═══ Data
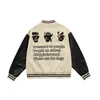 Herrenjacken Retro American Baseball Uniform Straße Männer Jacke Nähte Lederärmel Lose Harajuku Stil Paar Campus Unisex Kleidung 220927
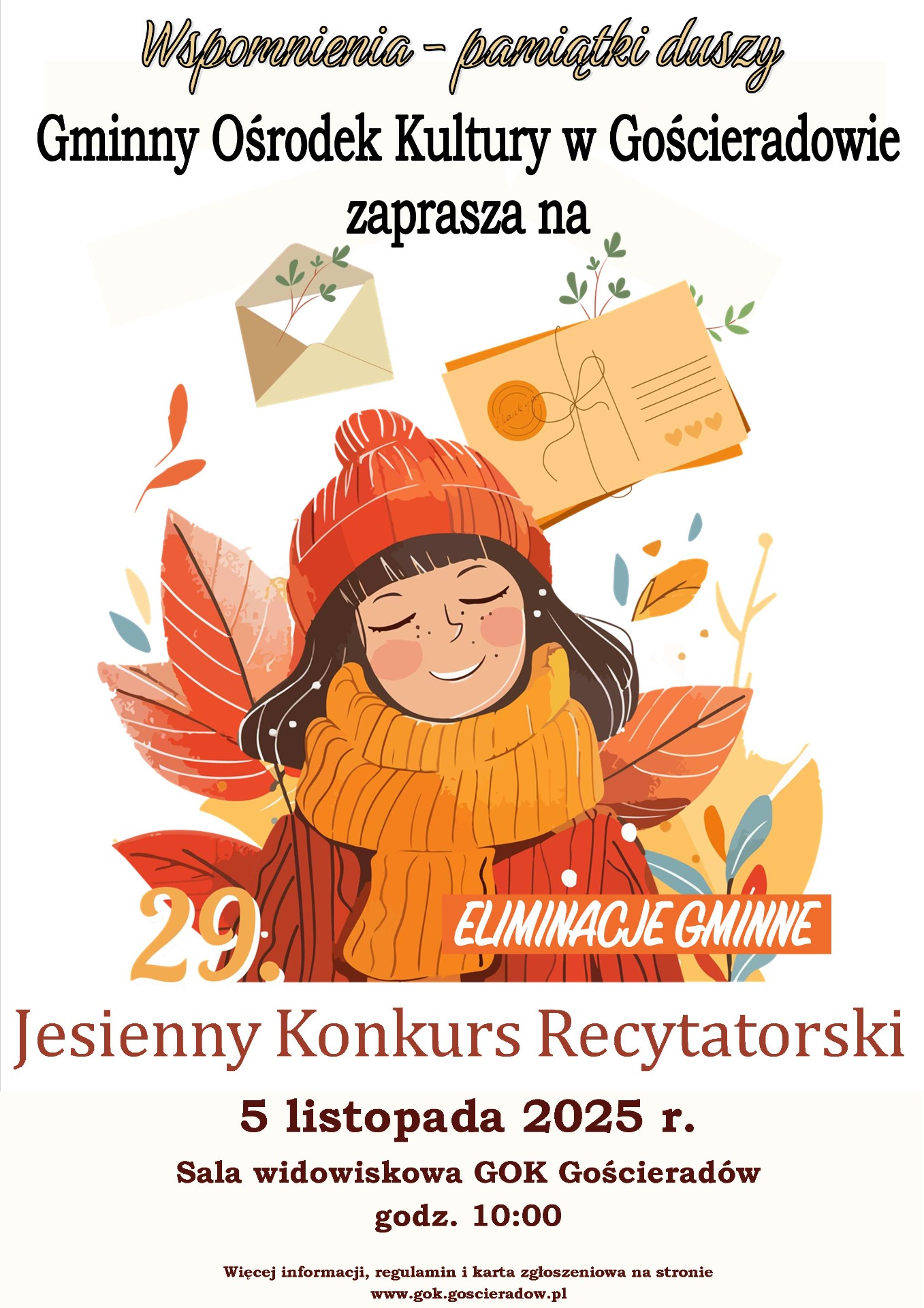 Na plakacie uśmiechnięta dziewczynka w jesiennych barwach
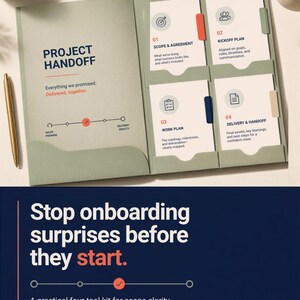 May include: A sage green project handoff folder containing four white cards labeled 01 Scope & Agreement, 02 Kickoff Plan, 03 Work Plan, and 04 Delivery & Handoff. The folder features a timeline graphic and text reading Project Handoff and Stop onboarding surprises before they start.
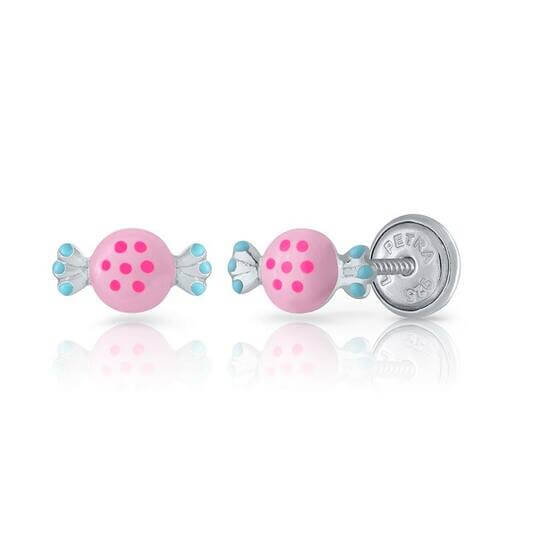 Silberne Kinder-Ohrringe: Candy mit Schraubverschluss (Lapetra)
══════
* _Exercise requirements_: Up to and including the line containing "Na plakacie uśmiechnięta", repeat every line from the start of the data, but none of the pictures.

* _Exercise output_:
 Herrenjacken Retro American Baseball Uniform Straße Männer Jacke Nähte Lederärmel Lose Harajuku Stil Paar Campus Unisex Kleidung 220927
 Na plakacie uśmiechnięta dziewczynka w jesiennych barwach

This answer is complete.